Task to carry out »
Return the entries that follow exactly, with no images.

(Task inputs Opens)

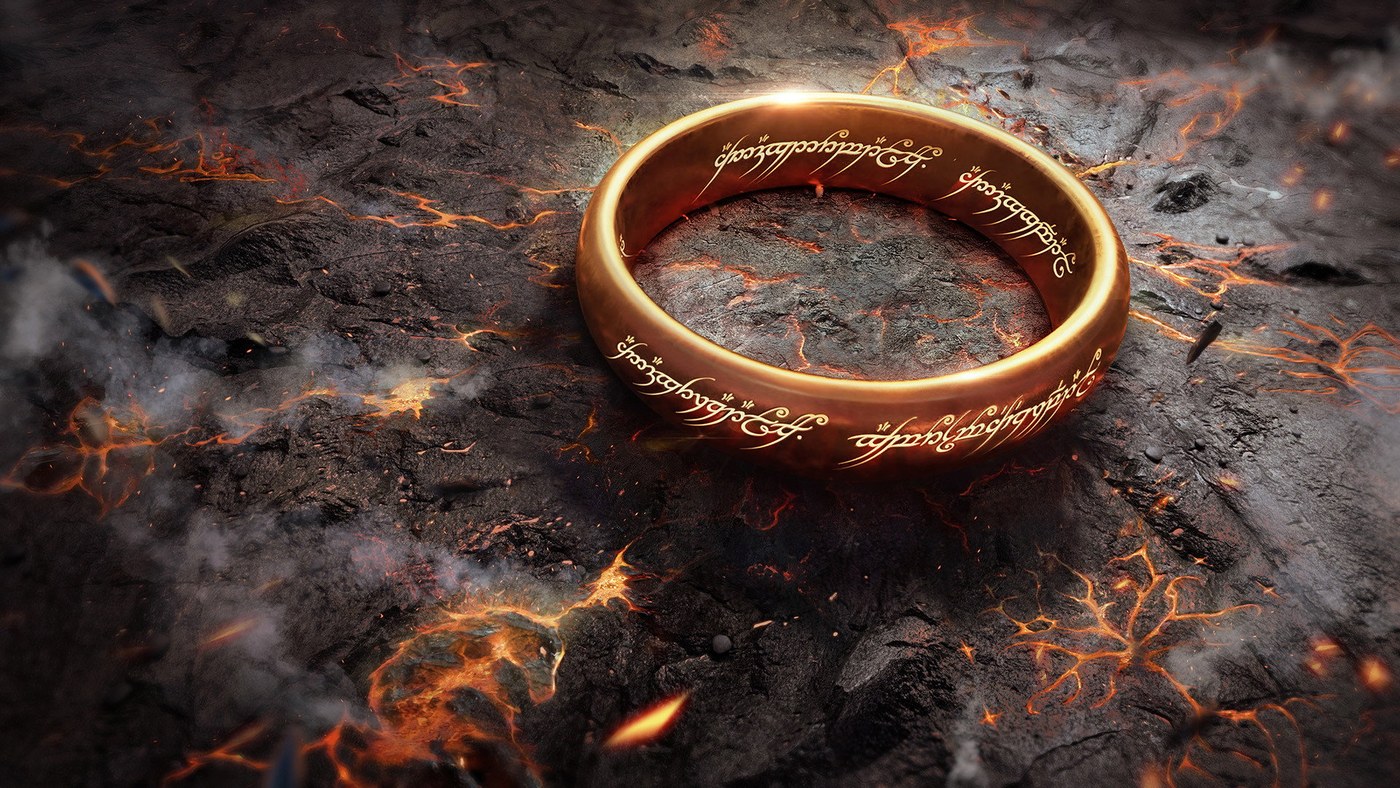 The One Ring, with its Elvish inscription visible, resting on volcanic rock.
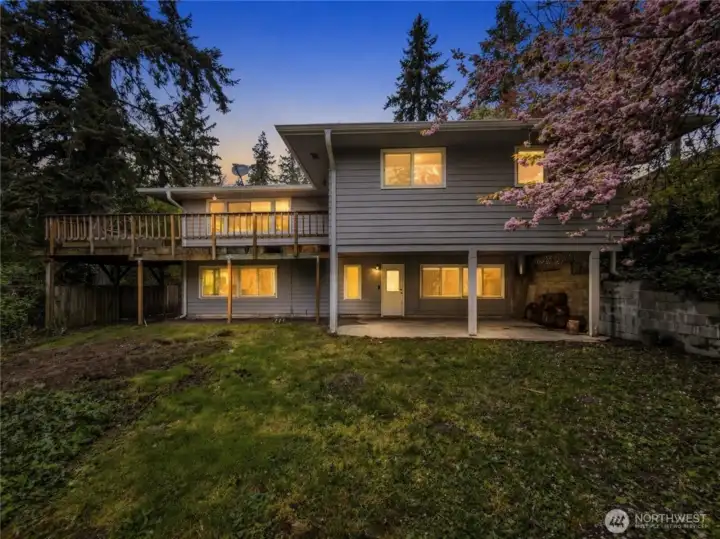 This secluded backyard is perfect for entertaining . The upper level offers a wrap around deck while the the ground level features a large covered patio that opens directly onto the spacious lawn. [virtually enhance]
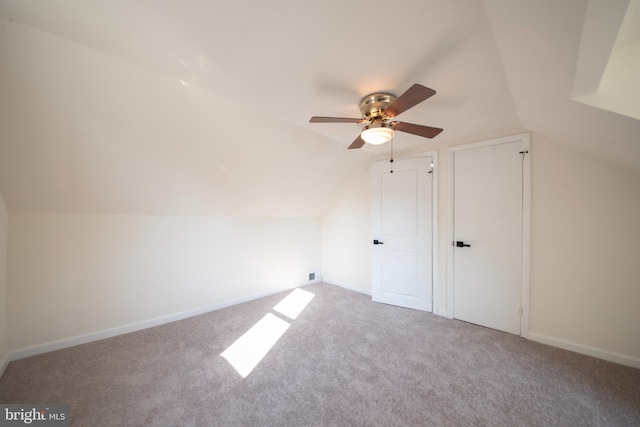 bonus room with vaulted ceiling, carpet flooring, and ceiling fan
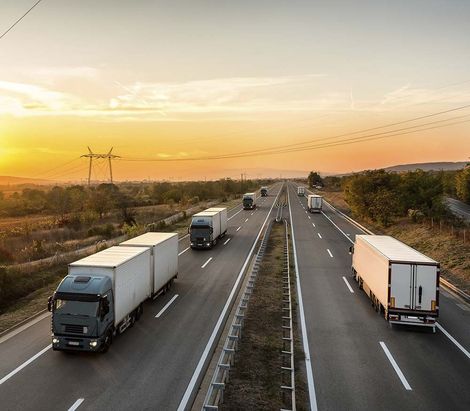 Camiones circulando por una autopista al atardecer, con un cielo anaranjado y un paisaje abierto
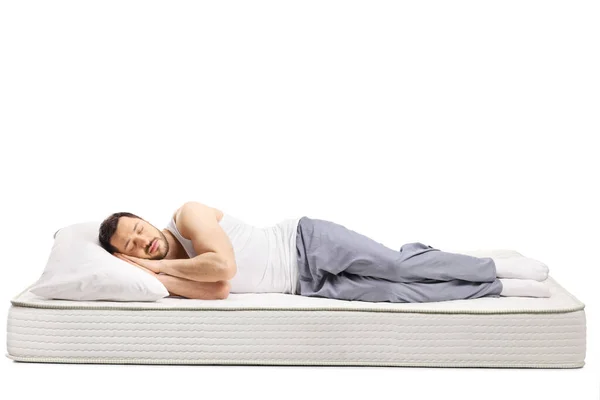 Genç Adam Beyaz Arka Planda Izole Edilmiş Konforlu Bir Yatakta — Stok fotoğraf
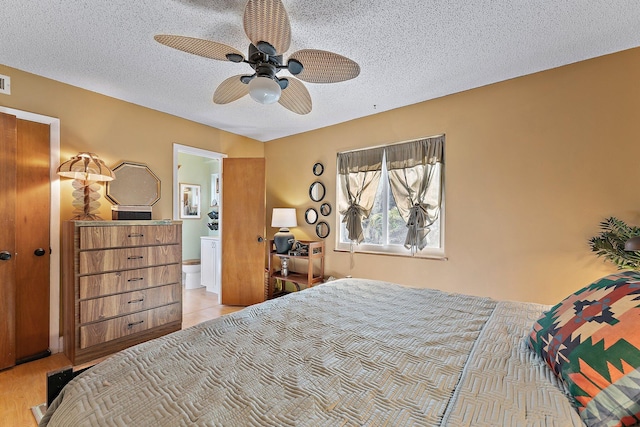 bedroom with ensuite bath, ceiling fan, and a textured ceiling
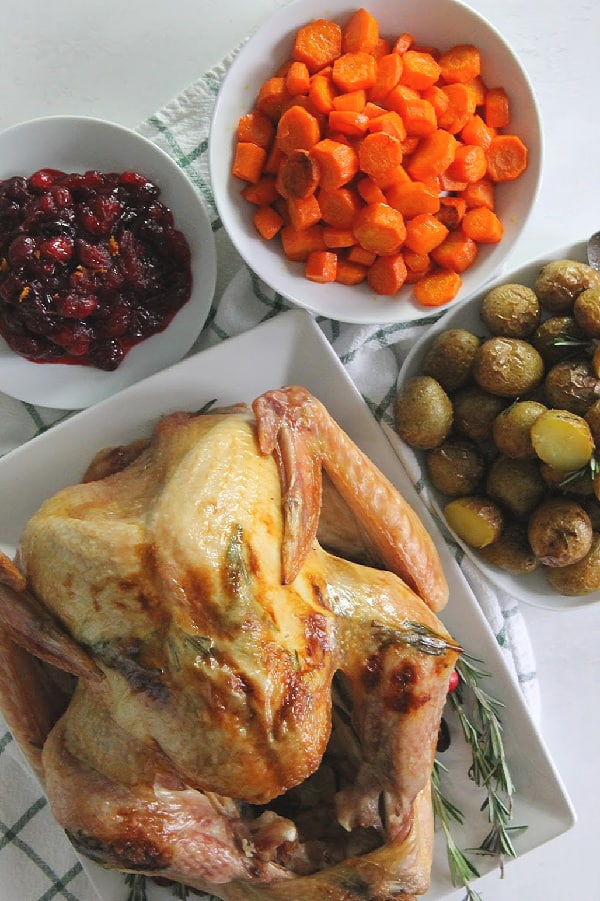 This Butter Rosemary Roasted Turkey will surely impress your guest! Cooked to perfection, this is moist buttery turkey with lots of flavor! | The Bitter Side of Sweet Butter Rosemary Roasted Turkey on white plate with full meal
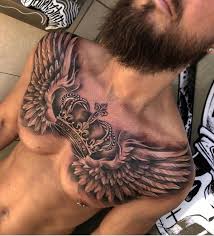 Grey ink winged hourglass tattoo. Best Chest Wings Tattoo Idea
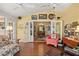 Cozy sunroom with hardwood floors, ceiling fans, and doorway to the formal dining room at 1508 Delaney Ave, Orlando, FL 32806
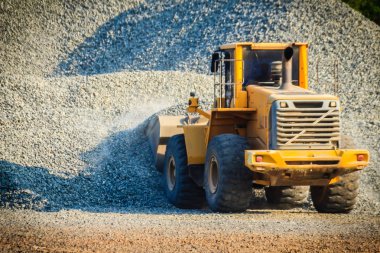Sarı Tekerlekli yükleyici Paletler-Düzleme paleti ezilmiş taş depolama arka planı ocağında çalışıyor.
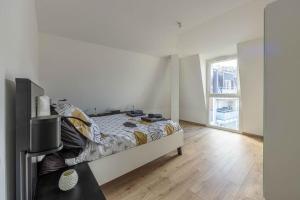 ein Schlafzimmer mit einem Bett und einem großen Fenster in der Unterkunft Les Jardins d'Aix in Aix-les-Bains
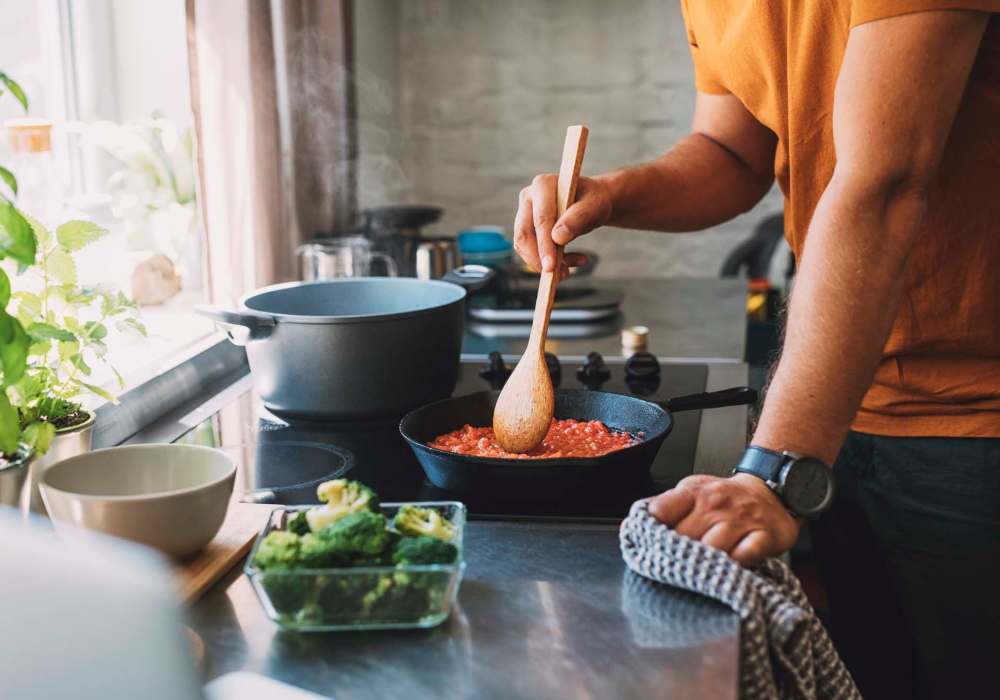 Resident cooking in kitchen at Cypress Point in Mooresville, North Carolina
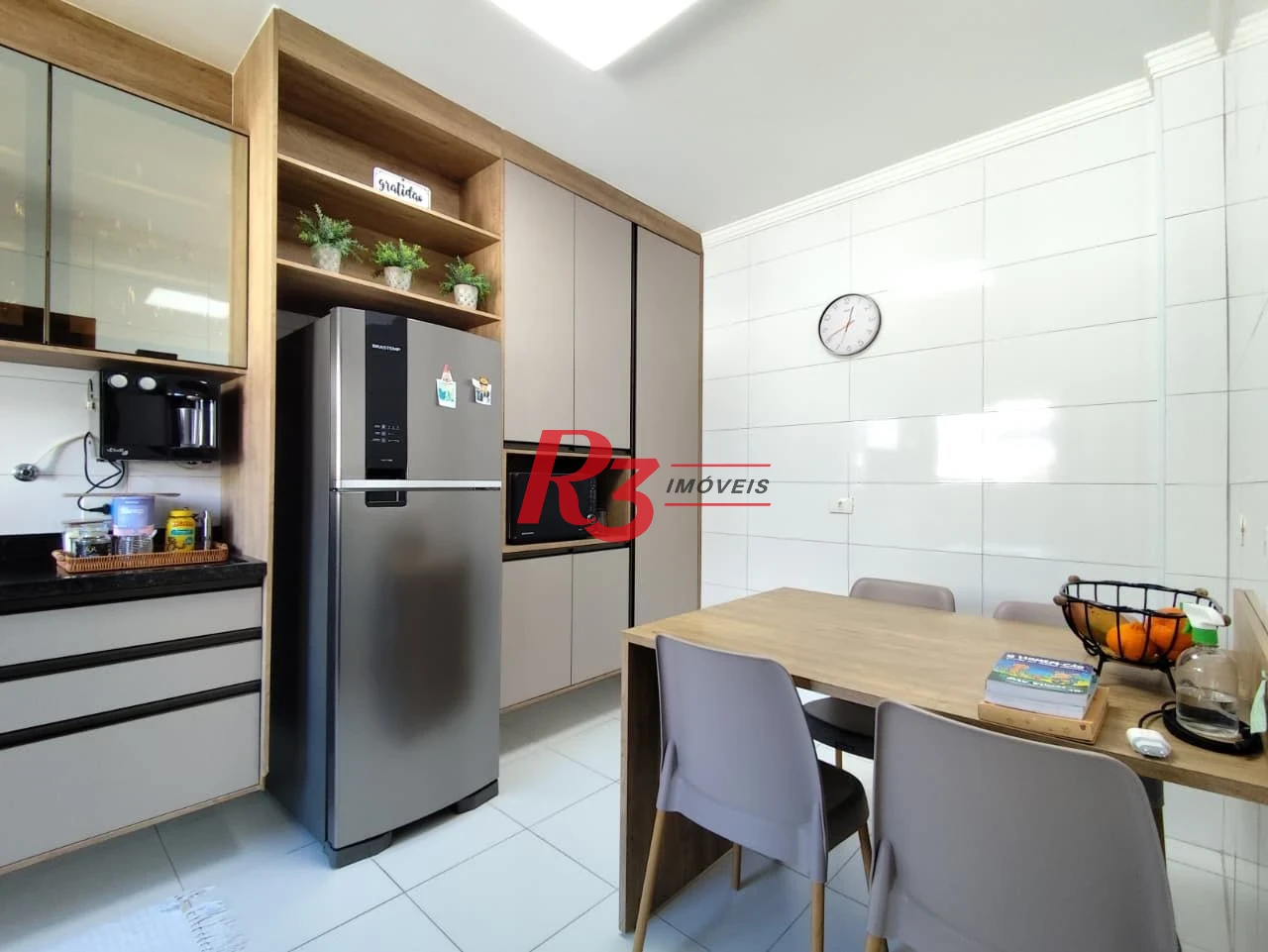 Casa com 3 dormitórios à venda, 165 m² por R$ 1.100.000,00 - Marapé - Santos/SP
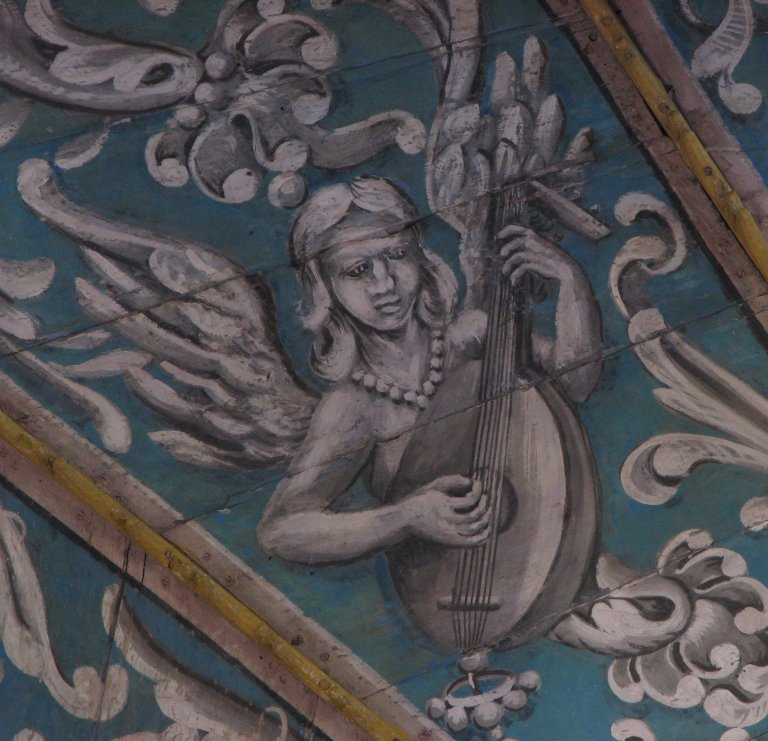 Schilderwerk onder het orgel - luitspeelster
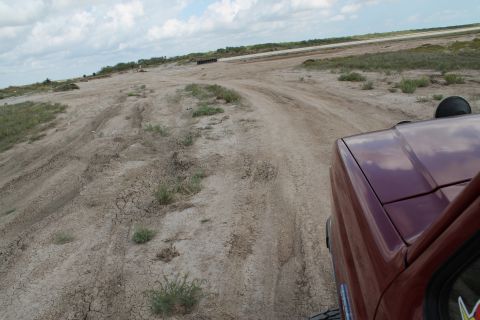 1990 Ford Bronco - Driving on a dry, cracked dirt road under a cloudy sky.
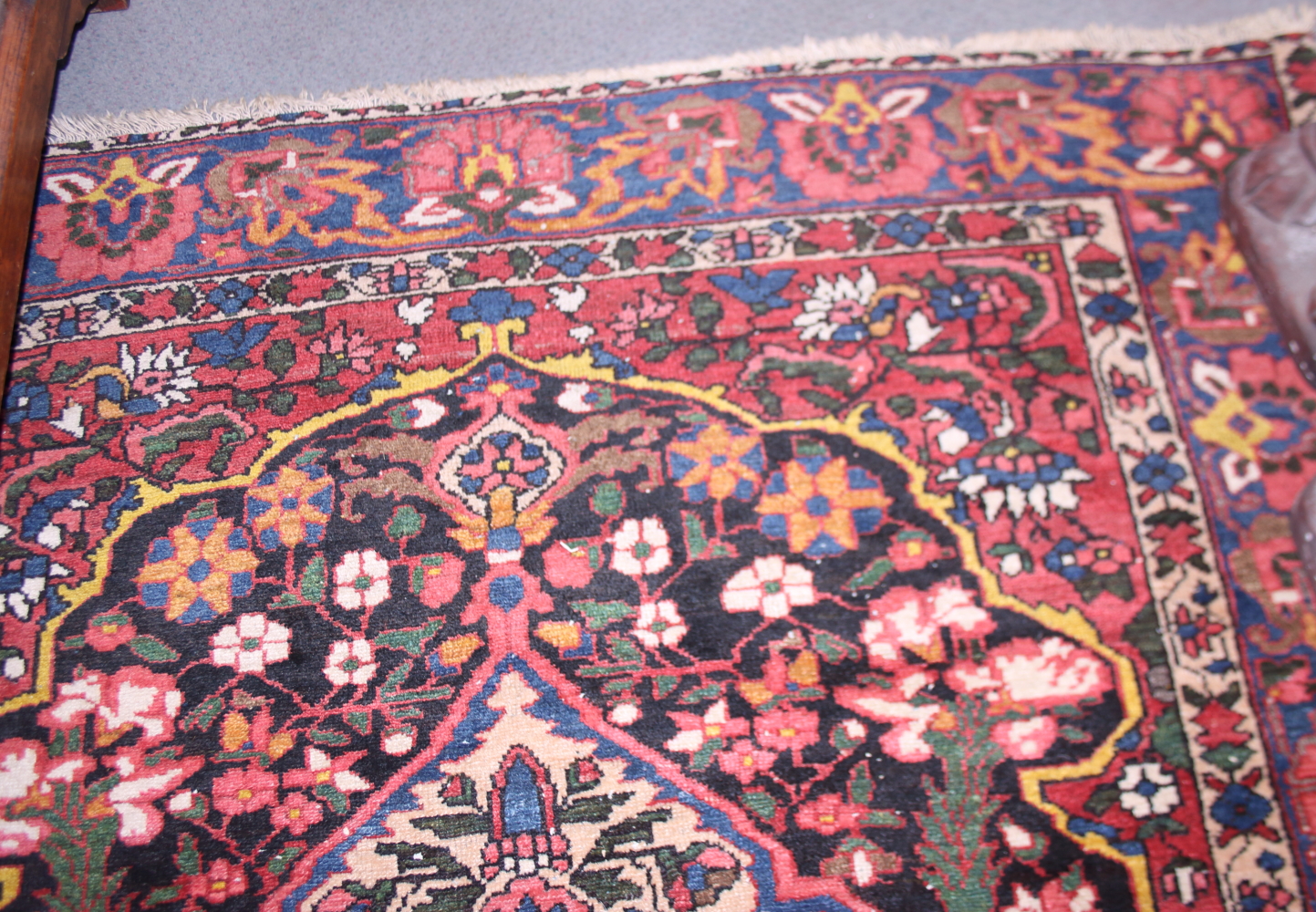 A Persian design rug decorated birds and flowers on a blue ground, 82" x 57" approx - Image 2 of 3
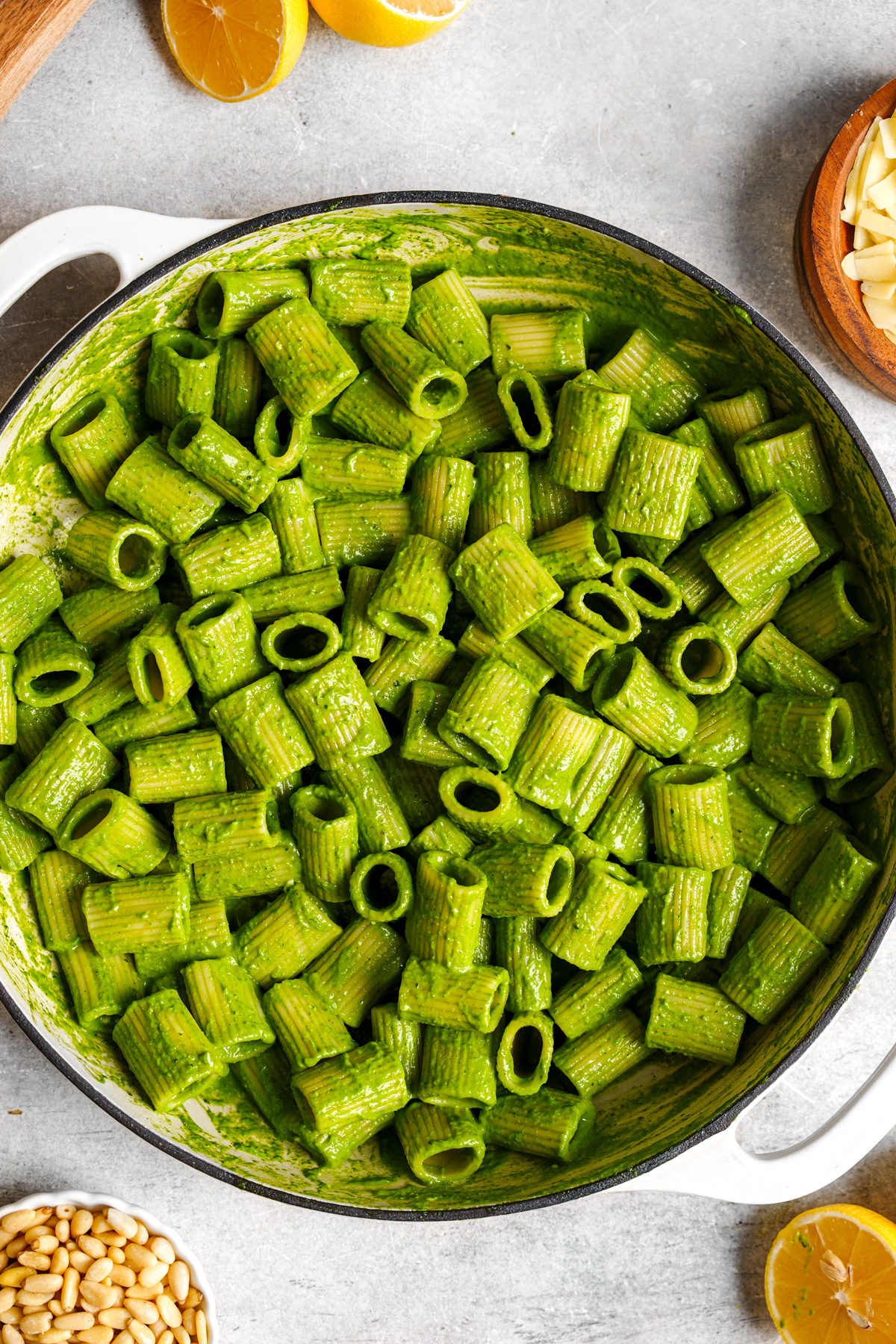 the spinach pesto pasta in a casserole dish with pine nuts and lemons next to it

(Task inputs Closes)

Answer space »
 The One Ring, with its Elvish inscription visible, resting on volcanic rock.
 This secluded backyard is perfect for entertaining . The upper level offers a wrap around deck while the the ground level features a large covered patio that opens directly onto the spacious lawn. [virtually enhance]
 bonus room with vaulted ceiling, carpet flooring, and ceiling fan
 Camiones circulando por una autopista al atardecer, con un cielo anaranjado y un paisaje abierto
 Genç Adam Beyaz Arka Planda Izole Edilmiş Konforlu Bir Yatakta — Stok fotoğraf
 bedroom with ensuite bath, ceiling fan, and a textured ceiling
 This Butter Rosemary Roasted Turkey will surely impress your guest! Cooked to perfection, this is moist buttery turkey with lots of flavor! | The Bitter Side of Sweet Butter Rosemary Roasted Turkey on white plate with full meal
 Grey ink winged hourglass tattoo. Best Chest Wings Tattoo Idea
 Cozy sunroom with hardwood floors, ceiling fans, and doorway to the formal dining room at 1508 Delaney Ave, Orlando, FL 32806
Sarı Tekerlekli yükleyici Paletler-Düzleme paleti ezilmiş taş depolama arka planı ocağında çalışıyor.
 ein Schlafzimmer mit einem Bett und einem großen Fenster in der Unterkunft Les Jardins d'Aix in Aix-les-Bains
 Resident cooking in kitchen at Cypress Point in Mooresville, North Carolina
 Casa com 3 dormitórios à venda, 165 m² por R$ 1.100.000,00 - Marapé - Santos/SP
 Schilderwerk onder het orgel - luitspeelster
 1990 Ford Bronco - Driving on a dry, cracked dirt road under a cloudy sky.
 A Persian design rug decorated birds and flowers on a blue ground, 82" x 57" approx - Image 2 of 3
 the spinach pesto pasta in a casserole dish with pine nuts and lemons next to it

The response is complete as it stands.